-- SUPPLIED DATA follows --
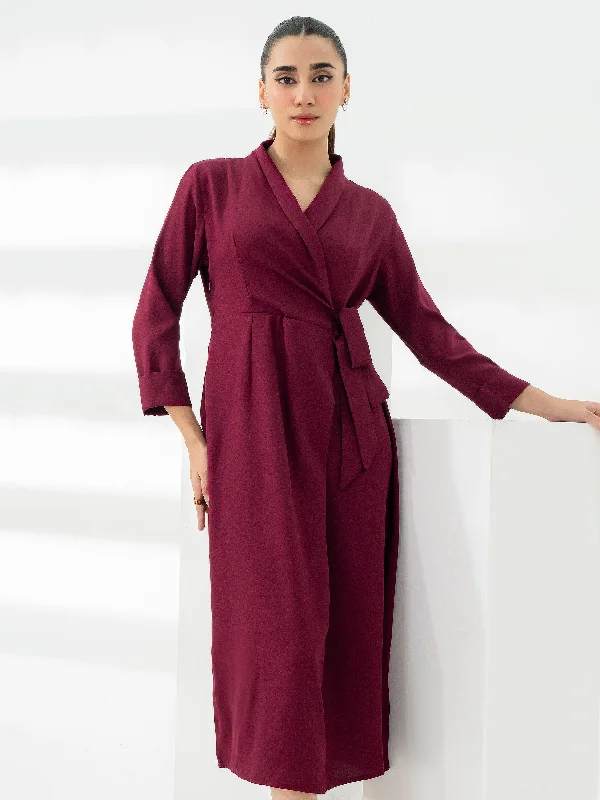 Unleash Your Trendy Side Dyed Grip Dress
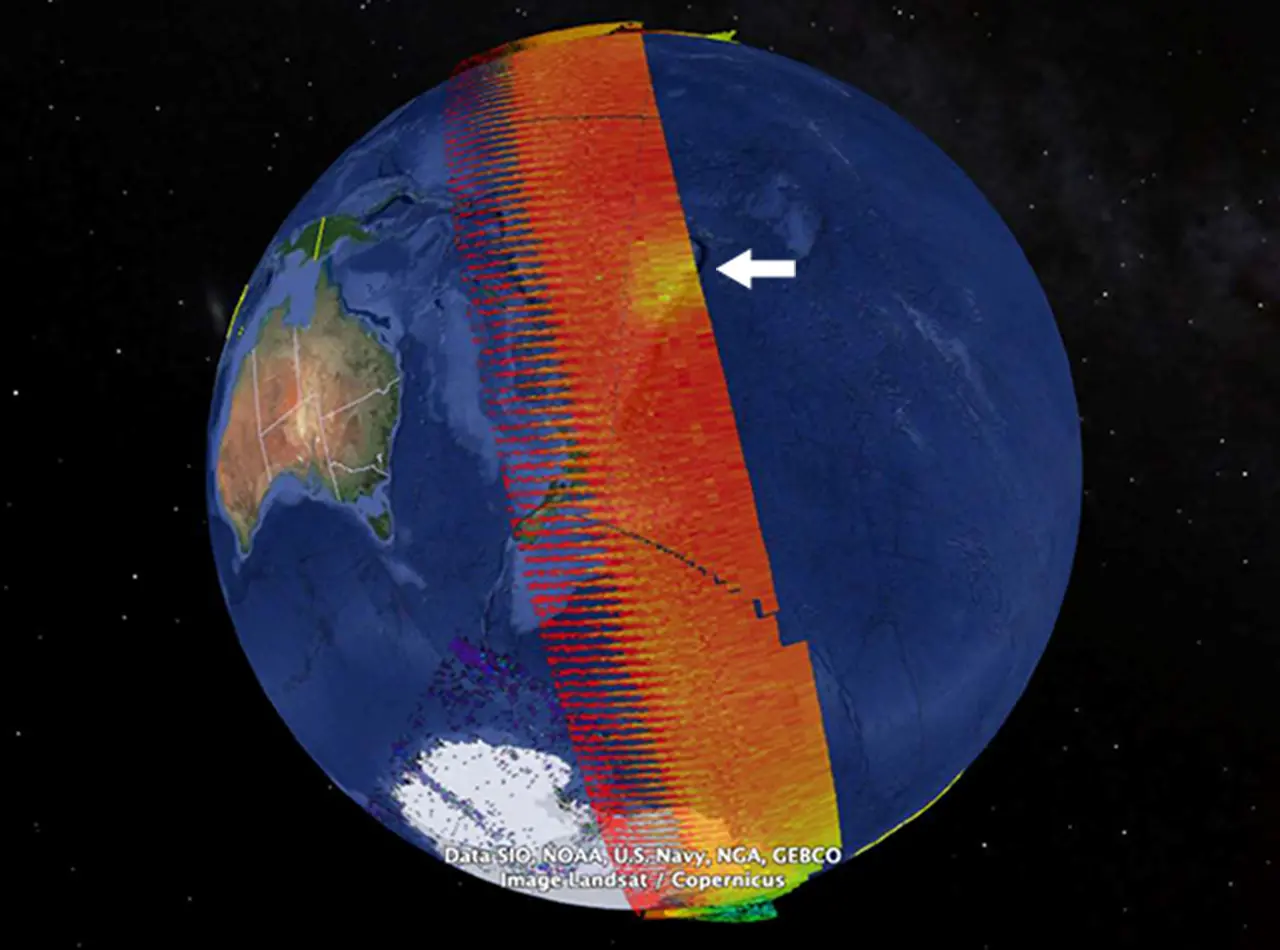 SIO/NOAA/US Navy/NGA/GEBCO UV data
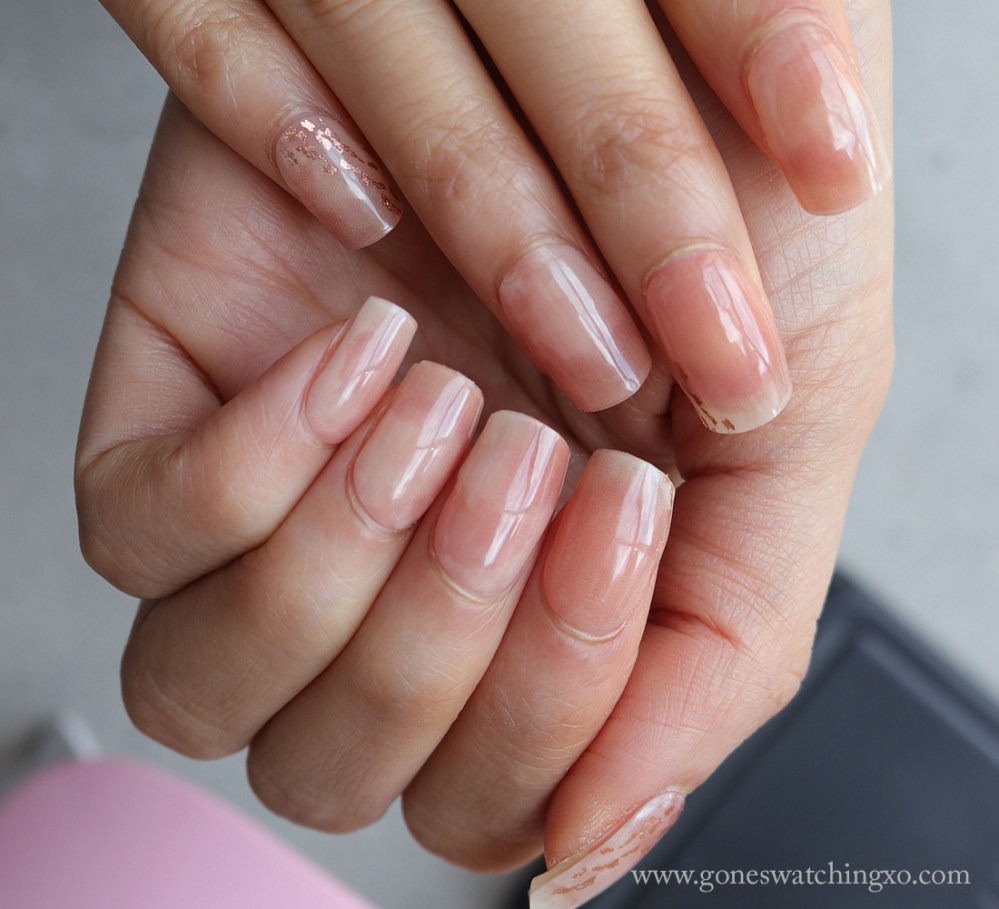 Zinipin Semi-Cured Gel Nail Wraps Review &amp; Try On. Manicure. Elegant Beige Nail Stickers. Gone Swatching xo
-- SUPPLIED DATA concluded --
* [ABOUT THIS EXERCISE]: Repeat the listing verbatim, pictures excluded.

* [WRITTEN RESPONSE]:
 Unleash Your Trendy Side Dyed Grip Dress
 SIO/NOAA/US Navy/NGA/GEBCO UV data
 Zinipin Semi-Cured Gel Nail Wraps Review &amp; Try On. Manicure. Elegant Beige Nail Stickers. Gone Swatching xo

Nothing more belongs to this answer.